Each line from the one containing "FLEX-SDP5300B-R Гибкая LED" to the last line of the listing below is to be duplicated exactly, and no picture is to be carried over.
+ + + + + + +
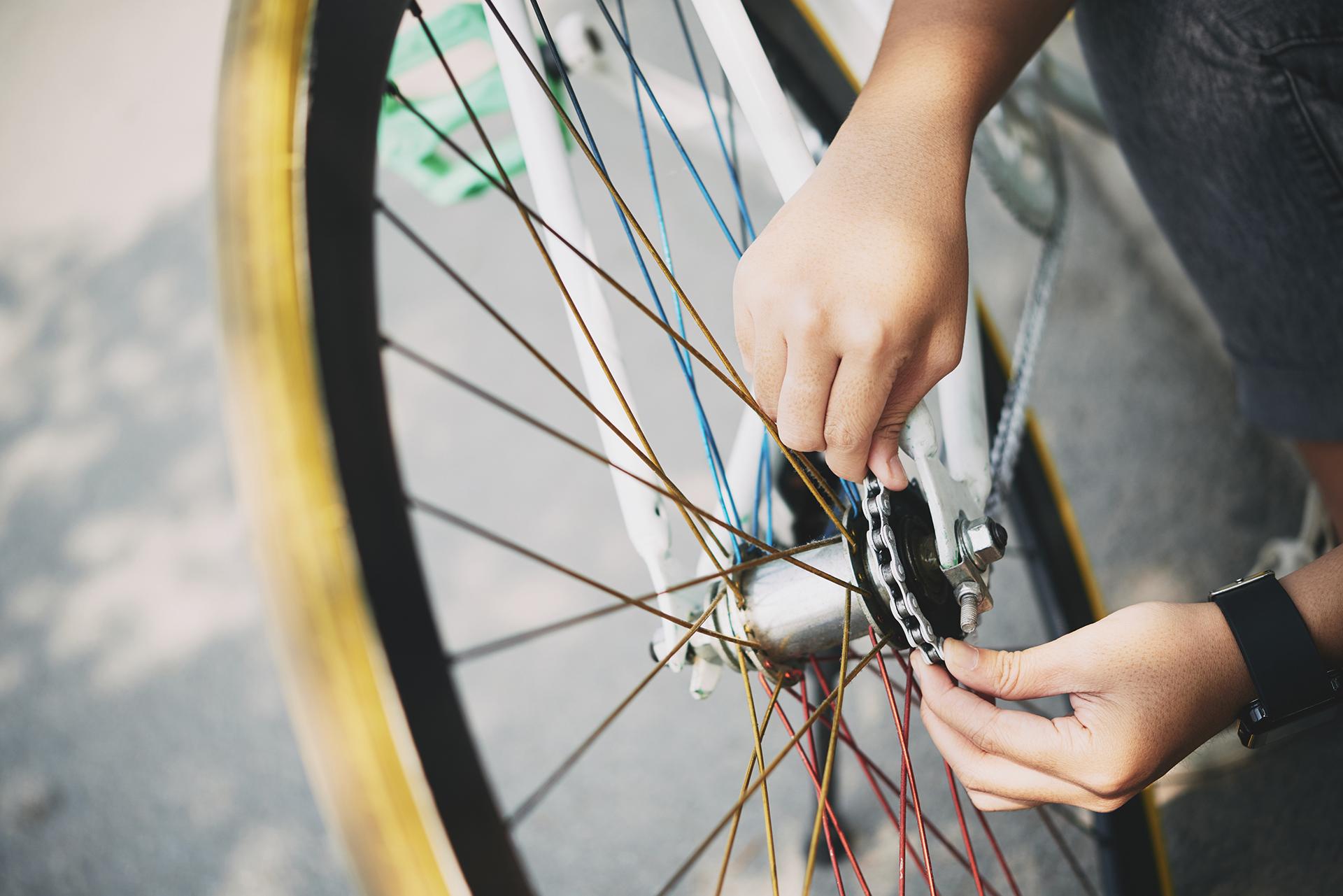 Taller de reparació de bicicletes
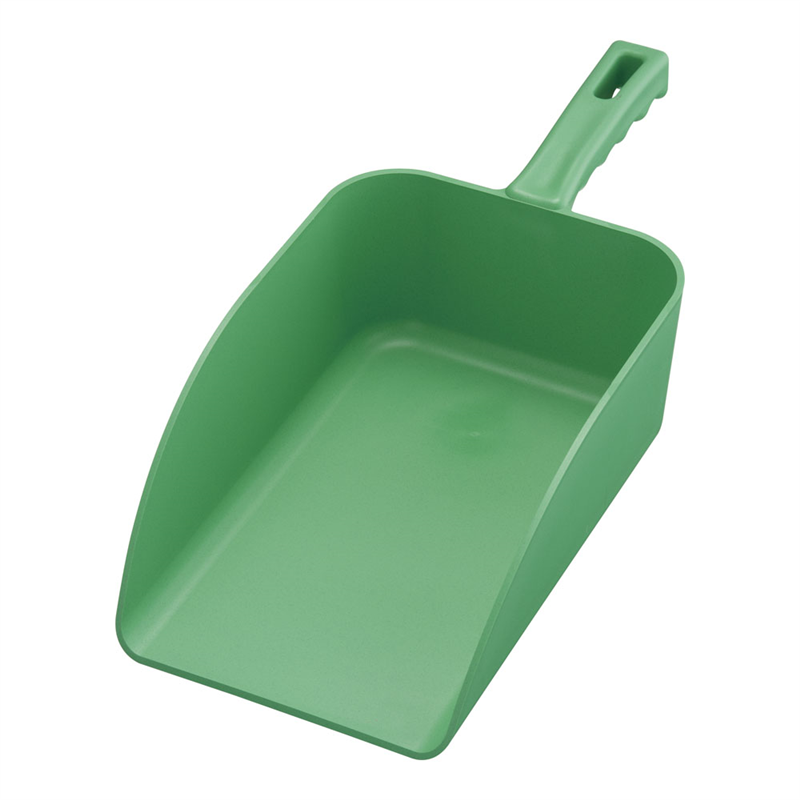 バーキンタ 金属検出機対応ハンドスコップ 大 緑 66204400 1袋(ご注文単位1袋)【直送品】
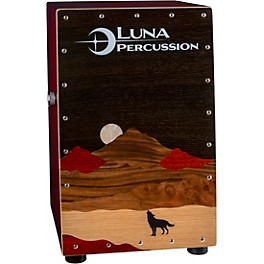 Open Box Luna Vista Wolf Cajon with Bag Level 1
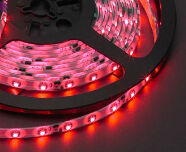 FLEX-SDP5300B-R Гибкая LED полоса , цвет красный, 60 SMDсветодиодов 35*28, 5 м., 12V, 4,8W/M, IP65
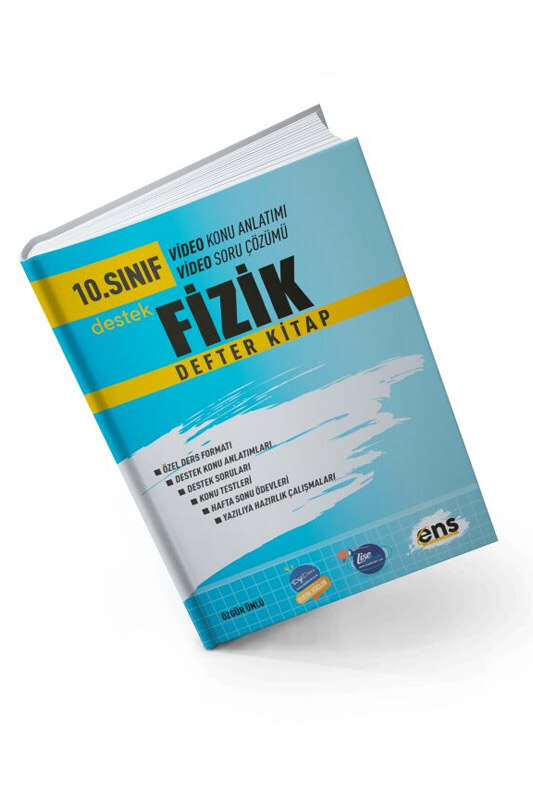 Fizik, ENS Yayıncılık 9786258160093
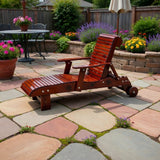 Wooden Deluxe Lounge Chair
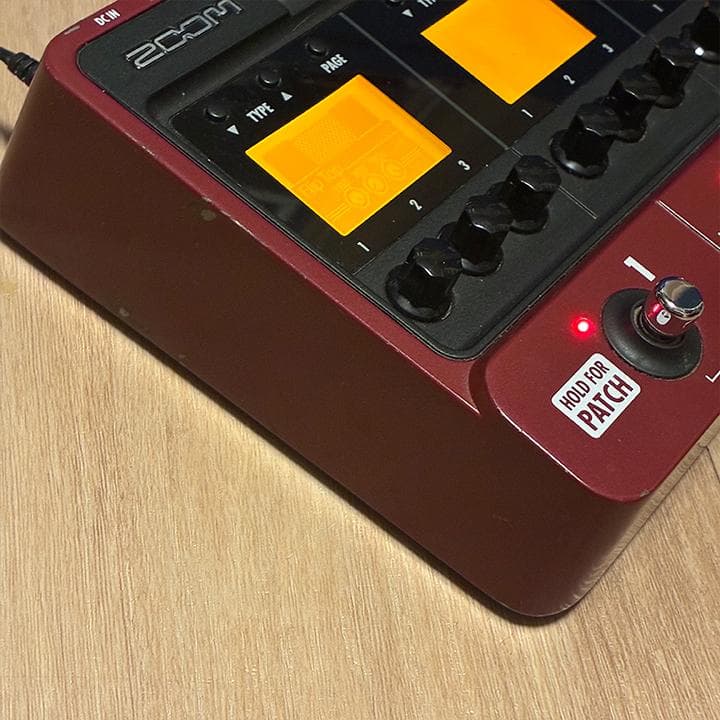 Zoom B3　マルチエフェクター　ベース用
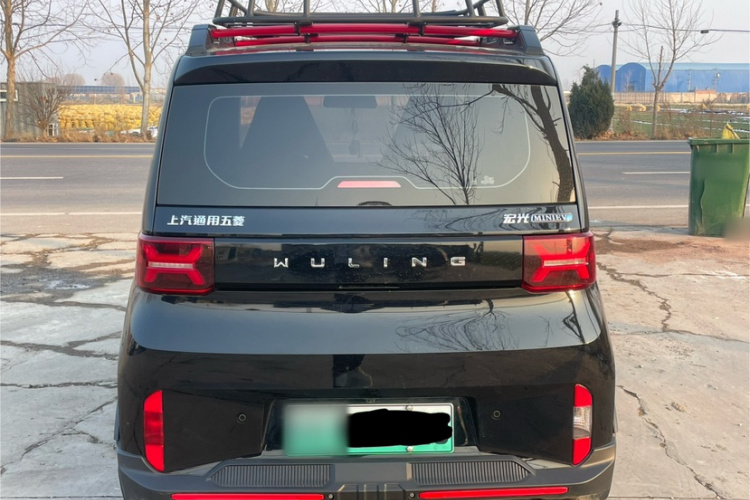 五菱汽车 宏光MINIEV 2022款 GAMEBOY 300km 玩咖款 磷酸铁锂车身外观6008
+ + + + + + +
■ **Expected answer**
 FLEX-SDP5300B-R Гибкая LED полоса , цвет красный, 60 SMDсветодиодов 35*28, 5 м., 12V, 4,8W/M, IP65
 Fizik, ENS Yayıncılık 9786258160093
 Wooden Deluxe Lounge Chair
 Zoom B3　マルチエフェクター　ベース用
 五菱汽车 宏光MINIEV 2022款 GAMEBOY 300km 玩咖款 磷酸铁锂车身外观6008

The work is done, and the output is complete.